"Good advice may prove more dangerous to their enemies than rifles," Grahame said.
Father Agustin mused for a few moments.
"Our friends' real task begins with their triumph," he said gravely; "for that, at best, can but mean a clearing of the ground. Man builds slowly, but to destroy is easy, and many see no farther."
"But when the building is tottering and rotten?"
"Sometimes it may be repaired, piece by piece, but that is not your plan." Father Agustin spread out his hands. "If you build on a sound foundation, your new work will stand; but the edifice of the State cannot be cemented with hatred and envy. This responsibility is yours and not your enemies'. But one looks to the future with hope as well as doubt."

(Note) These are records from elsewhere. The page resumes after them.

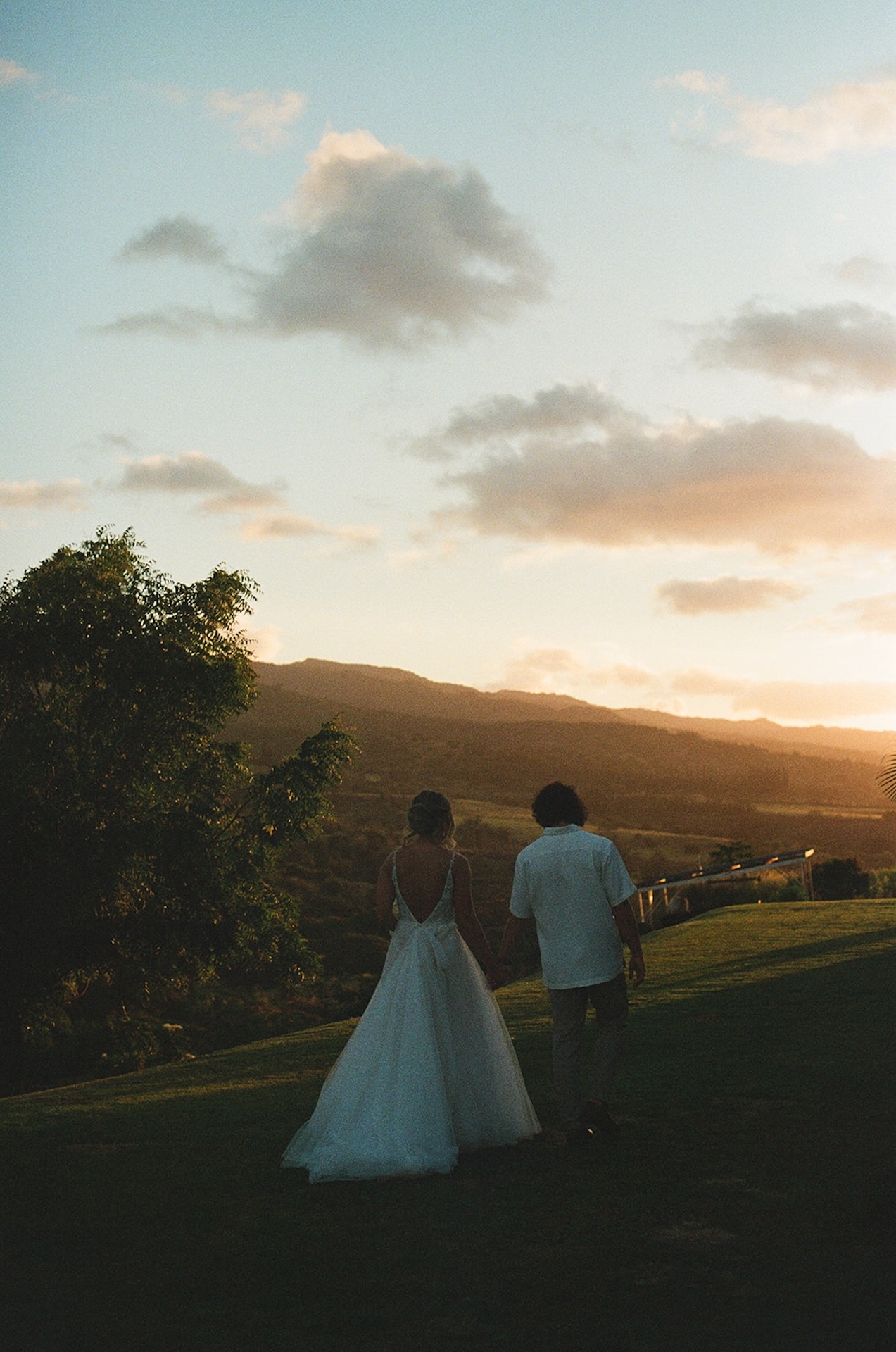Bride and groom walking hand in hand down a grassy hill at sunset, their silhouettes glowing against the sky.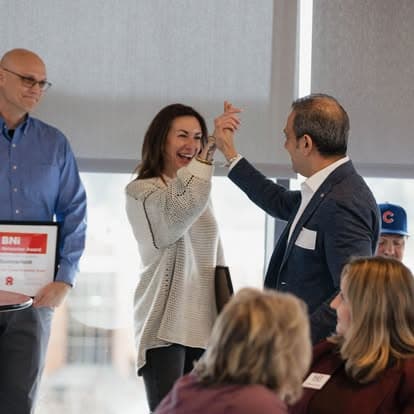 Members celebrating an award with a high five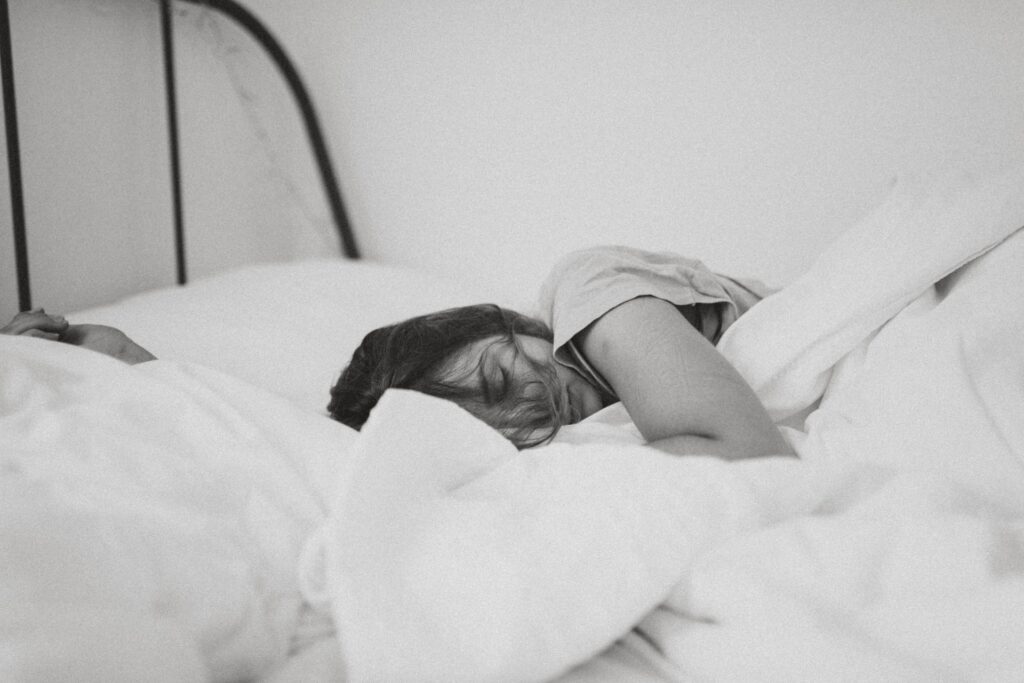 A woman sleeping. Image credit: Kinga Cichewicz, Unsplash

They then discussed the landing of the next cargo, and the general course of operations, but while they plotted with Spanish astuteness Grahame imagined that the quiet priest was the brain of the party.
After a time, the boats came back for another load, and when sunset streaked the water with a lurid glow the guests took their leave and the Enchantress steamed out to sea.
CHAPTER XVIII
THE TEST OF LOVE
The hot summer day was over and the light beginning to fade when Evelyn came down the steps of a country house in northern Maine. Banner's Post stood at the foot of a hillside among the dark pines, and the murmur of running water echoed about its walls. It belonged to Mrs. Willans, Mrs. Cliffe's sister, for Willans, who had bought the house at his wife's command, seldom came there and did not count. Mrs. Willans wanted a peaceful retreat where she and her friends, when jaded by social activities, could rest and recuperate in the silence of the woods. She had many interests and what she called duties, but she had of late felt called upon, with her sister's full approval, to arrange a suitable marriage for her niece. Henry Cliffe was not really rich.